Accepting as true all factual allegations in Plaintiff's pleadings, and resolving all ambiguities in Plaintiff's favor, the Court finds that Guardian has failed to demonstrate that Plaintiff's claims should be dismissed under Fed.R.Civ.P. 12(b)(6). The parties dispute whether the Court may consider the purchase orders attached to Guardian's motion, but the Court need not address this issue; even were the Court to consider the purchase orders as requested by Guardian, the Court finds that they would not render Plaintiff's claims against Guardian implausible.

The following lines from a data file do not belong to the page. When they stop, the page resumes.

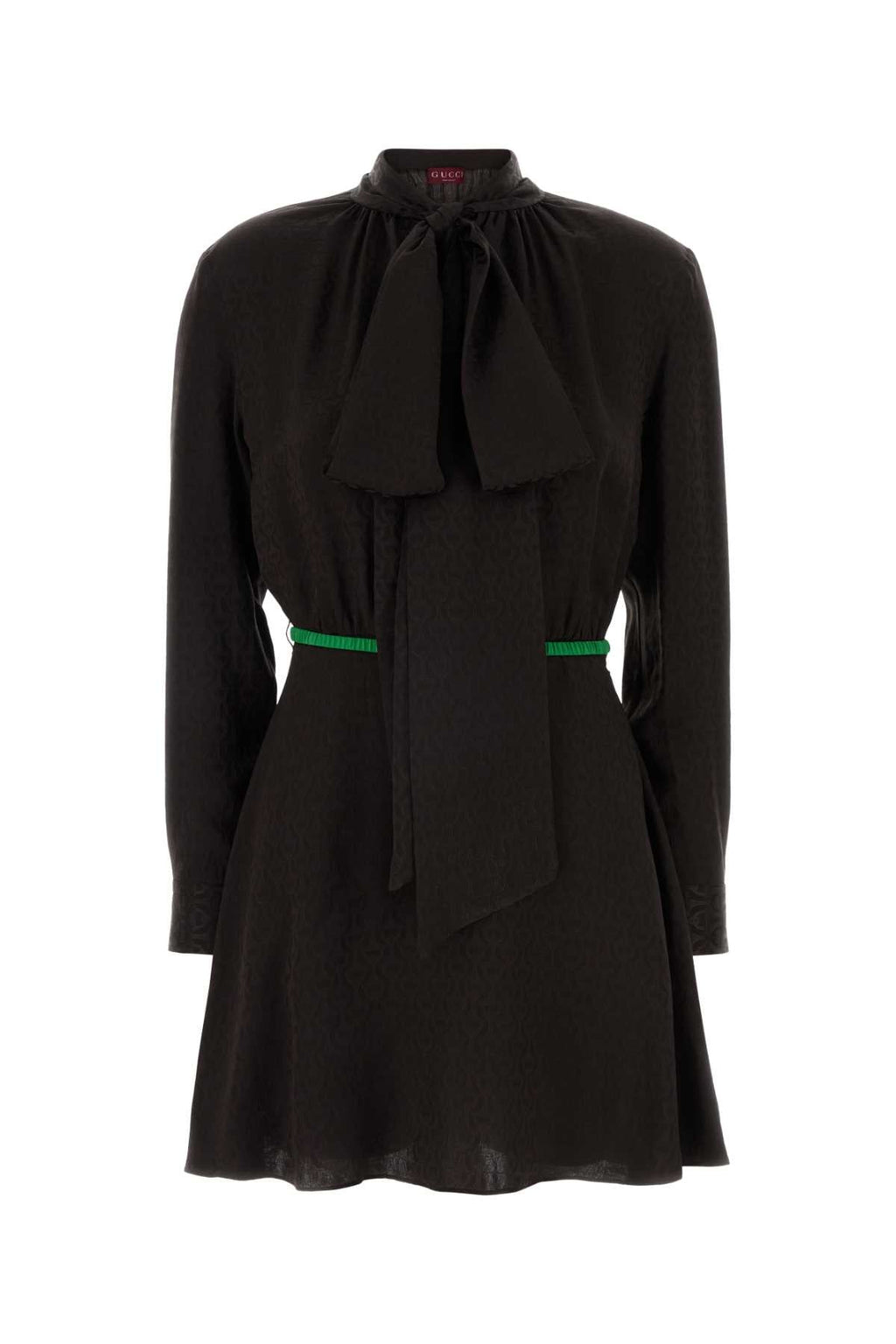 Gucci Silk Jacquard Dress — Brown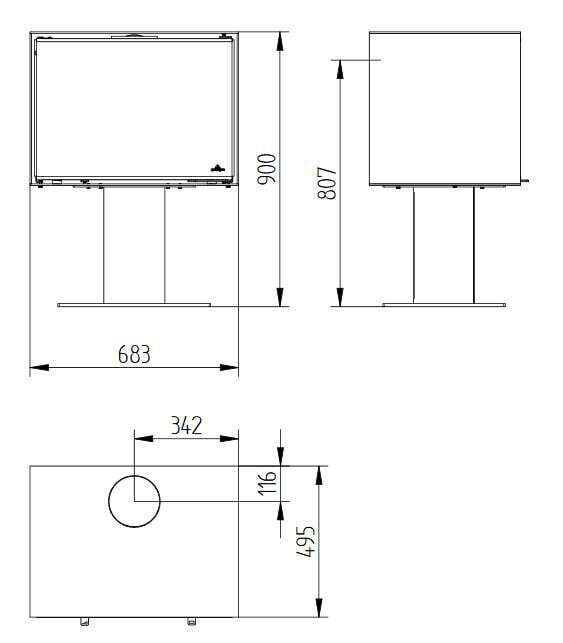 Kaminofen Jydepejsen Zeta Base - 8,5 kW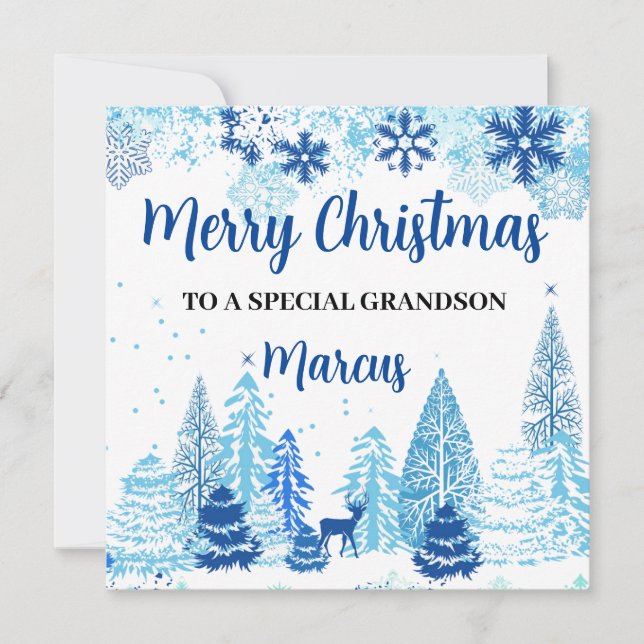 Christmas Cards, Merry Christmas Customised Card (Front)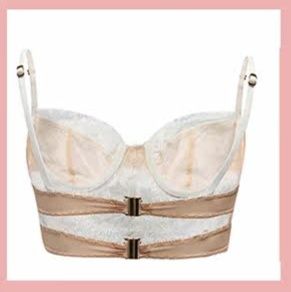 エロ下着 透け感フラワーレース刺繍ロングライン総レースブラ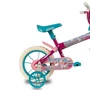 BICICLETA INFANTIL VERDEN PATY ARO 12 PINK E TURQUESA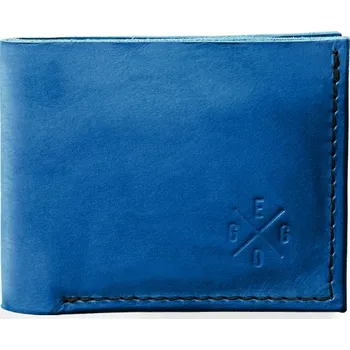 Peněženka Eggo Rivers kožená peněženka Modrá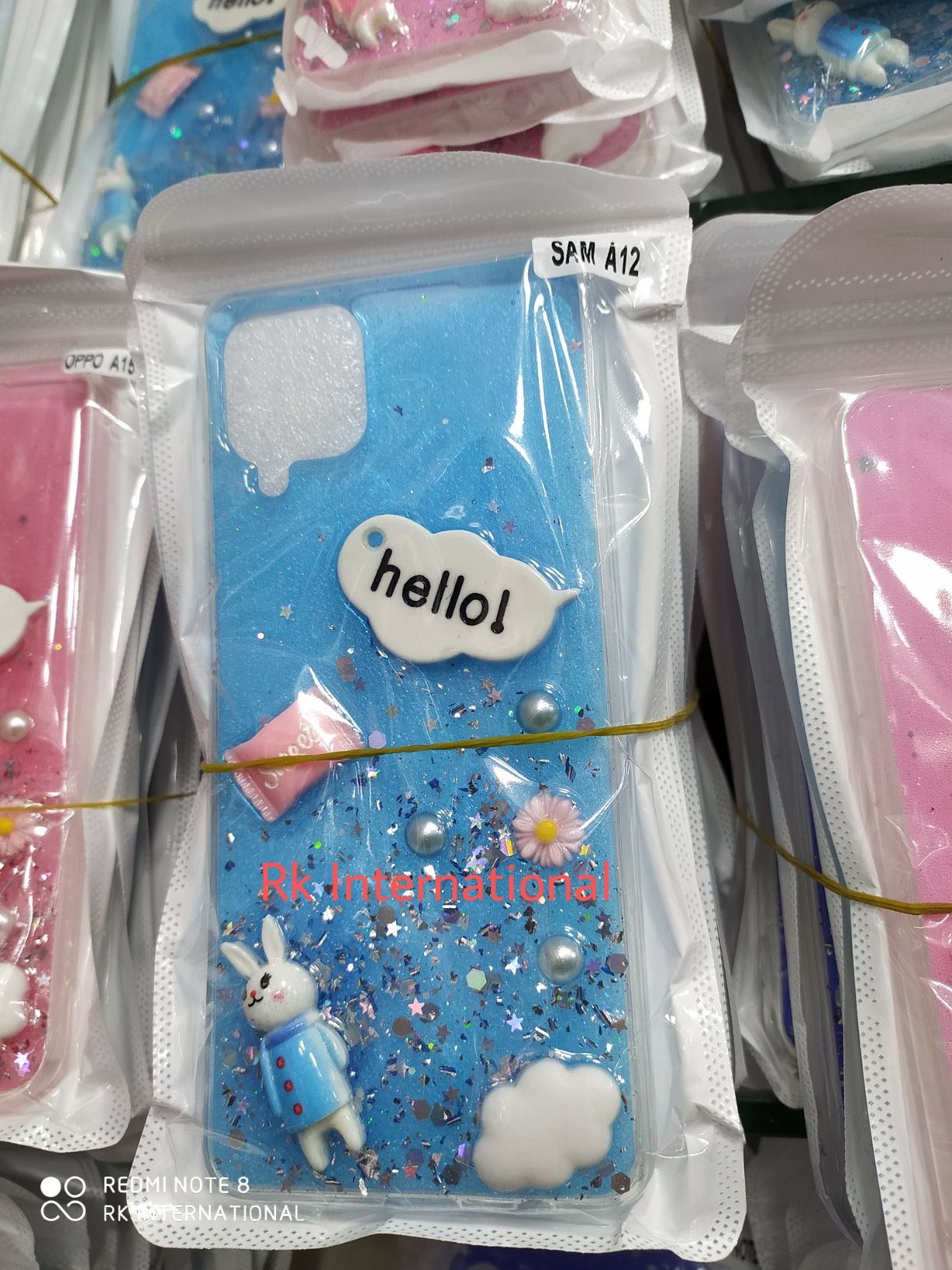 For Realme C15 3D Lady's Styles Case back cover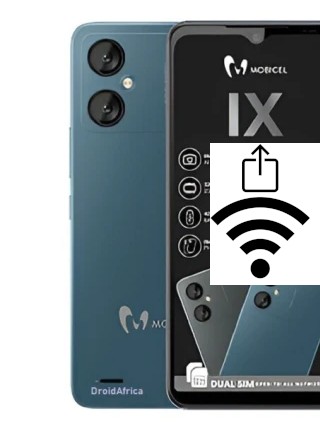 Como gerar um código QR com a senha Wifi em um Mobicel IX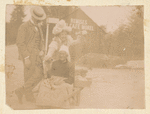 Eight images of Loie Fuller with friends including Gabrielle Bloch
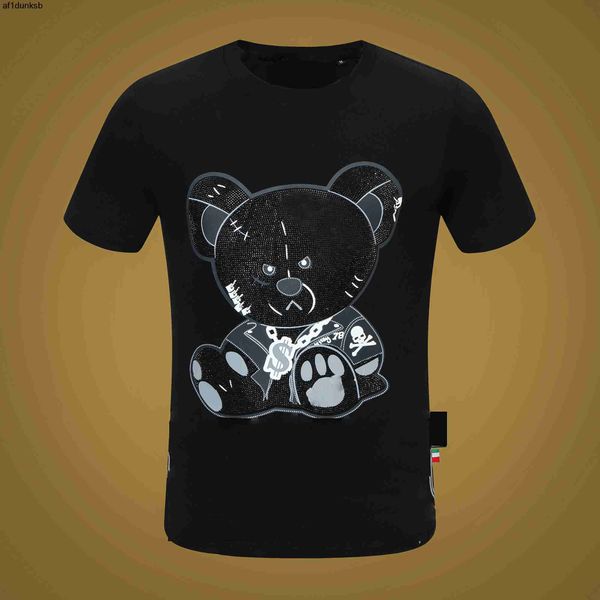 t tshirts men designer plein bear skull diamond philipps shirt short sleeve dollar brown bear brand mens tee oneck skulls tshirt tees 12bmo, White;black
t tshirts men designer plein bear skull diamond philipps shirt short sleeve dollar brown bear brand mens tee oneck skulls tshirt tees 12bmo, White;black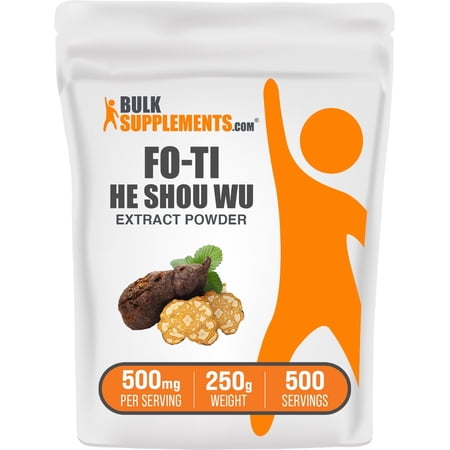 BulkSupplements Fo-Ti Extract Powder - 500mg per Serving - 250 Grams (8.8 oz) - 500 Servings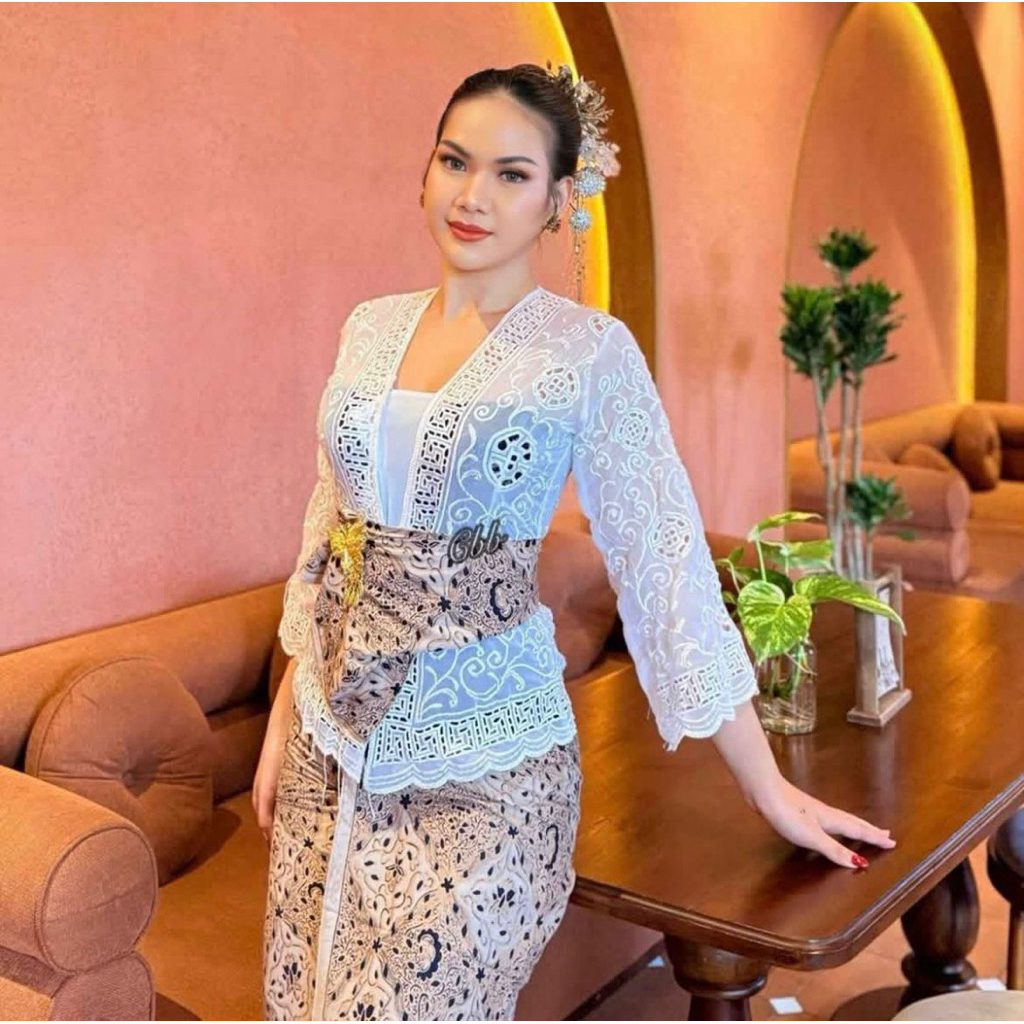 kain kebaya full kerawang terbaru encim bordir bali jahitan bali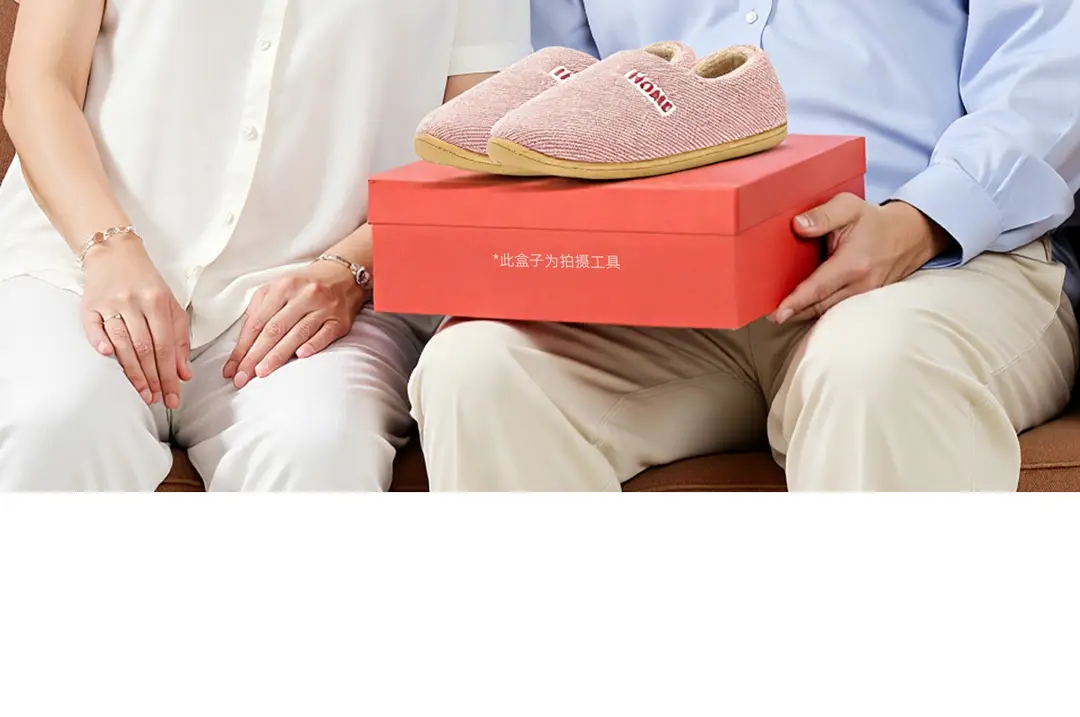 Cotton Shoes for Men 2025 New Indoor Home Non-Slip Warm Couple Home Bag Heel Soft Sole Winter Wool Slippers for Women — feature 29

Plaintiff has specifically alleged in its amended complaint that Guardian is a party to the contract, that Plaintiff contracted directly with Guardian, and that Guardian was intimately involved in the oversight and administration of the contract. Guardian's only evidence to the contrary consists of the purchase orders submitted to Plaintiff, but Guardian offers no legal authority supporting its position that the captions at the top of the purchase orders are conclusive evidence that Guardian is not a party to the contract. At most, the purchase orders would render Plaintiff's allegation ambiguous, especially in light of the fact that Guardian's logo also appears at the top of the purchase orders next to GRAK's name. Since Plaintiff's factual allegations must be accepted as true, and all ambiguities must be resolved in Plaintiff's favor, the Court finds that Guardian has failed to show that Plaintiff's allegation that Guardian is a party to the contract is implausible.
Finding as such, the Court need not consider Guardian's arguments that Plaintiff has failed to allege facts sufficient to pierce the corporate veil or find Guardian liable as an agent of GRAK.
V. CONCLUSION
Accordingly, for the above reasons, IT IS HEREBY ORDERED that Defendant Guardian's motion to dismiss [dkt 7] is DENIED.IT IS SO ORDERED.